Now, I have a working code, but I don't know how to control image size on paper. Is there a way to resize a PyCairo Surface to the dimensions I want (which happens to be smaller than the original)? I want the original pixels to be "shrinked" to a higher resolution (on paper).
Also, I tried Image.rescale() function from PIL, but it gives me back a 20x20 pixel output (out of a 200x200 pixel original image, which is not the banner example on the code). What I want is a 200x200 pixel image plotted inside a 20x20 mm square on paper (instead of a 200x200 mm square as I am getting now)
My current code is:
import cairo, urllib, StringIO, Image # could I do it without Image module?
paper_width = 210
paper_height = 297
margin = 20
point_to_milimeter = 72/25.4
pdfname = "out.pdf"
pdf = cairo.PDFSurface(pdfname , paper_width*point_to_milimeter, paper_height*point_to_milimeter)
cr = cairo.Context(pdf)
cr.scale(point_to_milimeter, point_to_milimeter)
# are these StringIO operations really necessary?
imagebuffer = StringIO.StringIO()
im.save(imagebuffer, format="PNG")
imagesurface = cairo.ImageSurface.create_from_png(imagebuffer)
### EDIT: best answer from Jeremy, and an alternate answer from mine:
best_answer = True # put false to use my own alternate answer
if best_answer:
cr.scale(0.5, 0.5)
cr.set_source_surface(imagesurface, margin, margin)
cr.set_source_surface(imagesurface, margin, margin)
pattern = cr.get_source()
scalematrix = cairo.Matrix() # this can also be used to shear, rotate, etc.
scalematrix.scale(2,2) # matrix numbers seem to be the opposite - the greater the number, the smaller the source
scalematrix.translate(-margin,-margin) # this is necessary, don't ask me why - negative values!!
Note that the beautiful Cairo banner does not even fit the page...
The ideal result would be that I could control the width and height of this image in user space units (milimeters, in this case), to create a nice header image, for example.
Thanks for reading and for any help or comment!!
Try scaling the context when you draw the image.
cr.save() # push a new context onto the stack
cr.scale(0.5, 0.5) # scale the context by (x, y)
cr.set_source_surface(imagesurface, margin, margin)
cr.restore() # pop the context
See: http://cairographics.org/documentation/pycairo/2/reference/context.html for more details.
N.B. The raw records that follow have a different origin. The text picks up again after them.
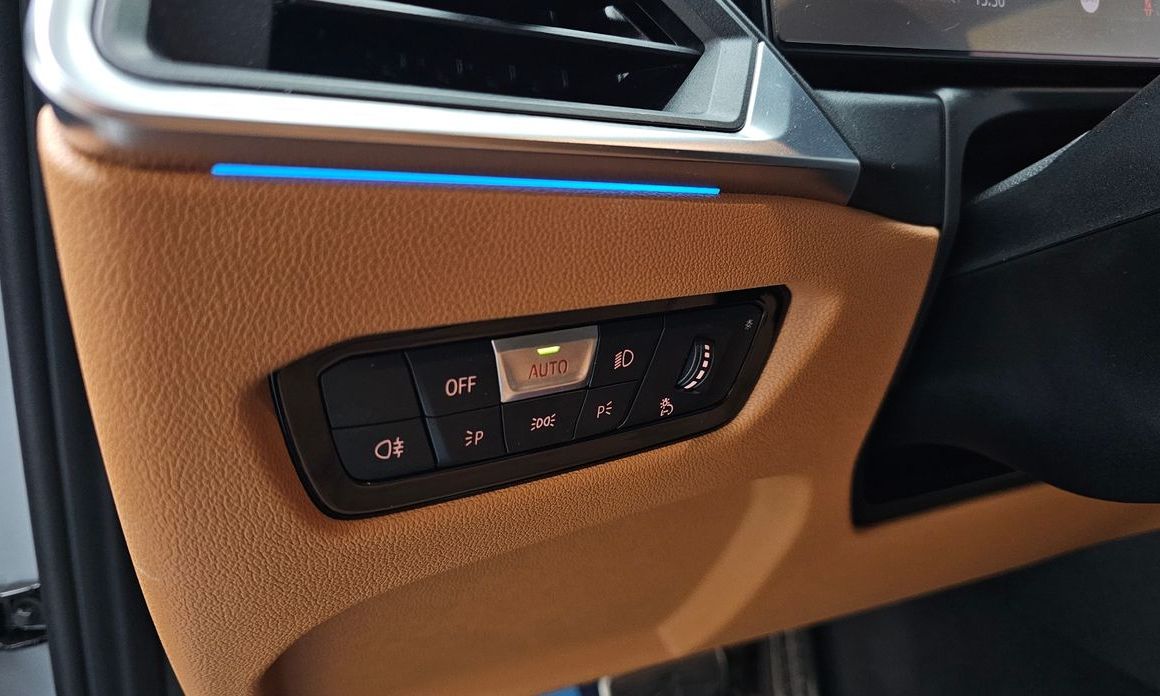 BMW 3-Series 2024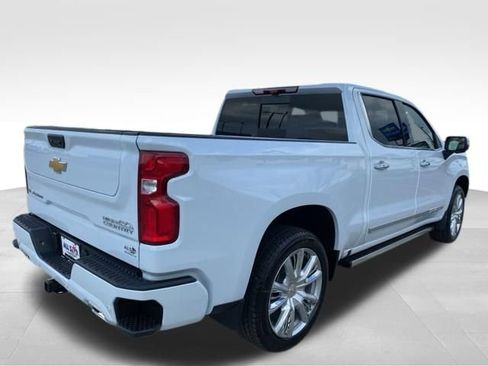 New 2026 Chevrolet Silverado 1500 High Country AWD/4WD image 6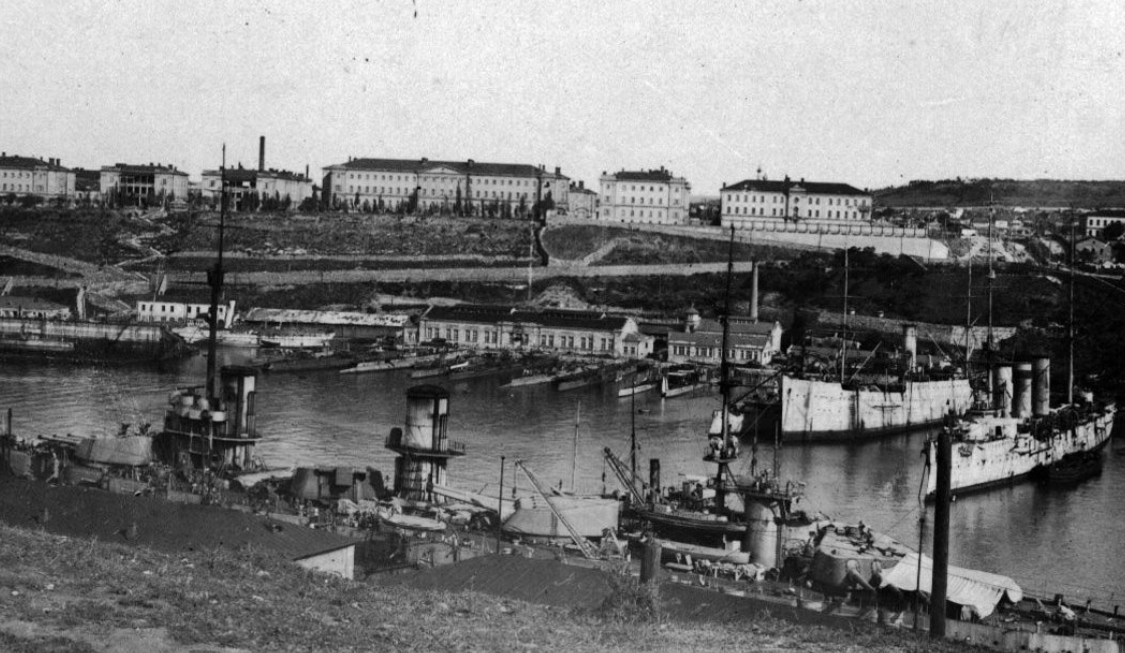 Корабли русского флота в Севастополе в 1918 году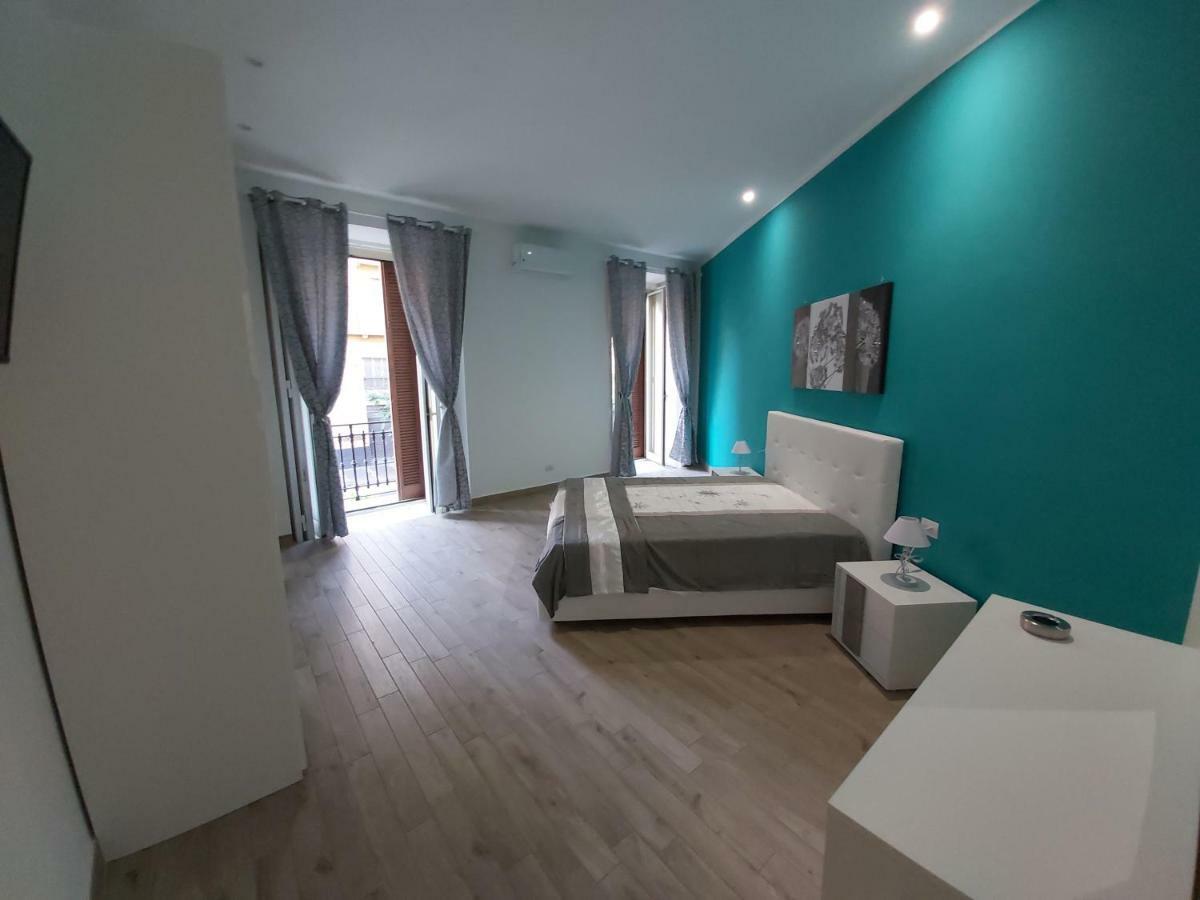 Dormire A Napoli Centro Holiday House Casa Vacanza Ngoại thất bức ảnh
This is not answering the question, I just wanted to share heltonbiker's current code edited to run with Python 3.2:
import cairo, urllib.request, io
from PIL import Image
paper_width = 210
paper_height = 297
margin = 20
point_to_millimeter = 72/25.4
pdfname = "out.pdf"
pdf = cairo.PDFSurface( pdfname,
cr = cairo.Context(pdf)
cr.scale(point_to_millimeter, point_to_millimeter)
# load image
f = urllib.request.urlopen("http://cairographics.org/cairo-banner.png")
i = io.BytesIO(f.read())
im = Image.open(i)
imagebuffer = io.BytesIO()
im.save(imagebuffer, format="PNG")
imagesurface = cairo.ImageSurface.create_from_png(imagebuffer)
cr.scale(0.5, 0.5)
cr.set_source_surface(imagesurface, margin, margin)
Jeremy Flores solved my problem very well by scaling the target surface before setting the imagesurface as source. Even though, perhaps some day you actually NEED to resize a Surface (or transform it in any way), so I will briefly describe the rationale used in my alternate answer (already included in the question), deduced after thoroughly reading the docs:
Set your surface as the context's source - it implicitly creates a cairo.Pattern!!
Use Context.get_source() to get the pattern back;
Create a cairo.Matrix;
Apply this matrix (with all its transforms) to the pattern;
The only problem seems to be the transformations working always around the origin, so that scaling and rotation must be preceeded and followed by complementary translations to the origin (bleargh).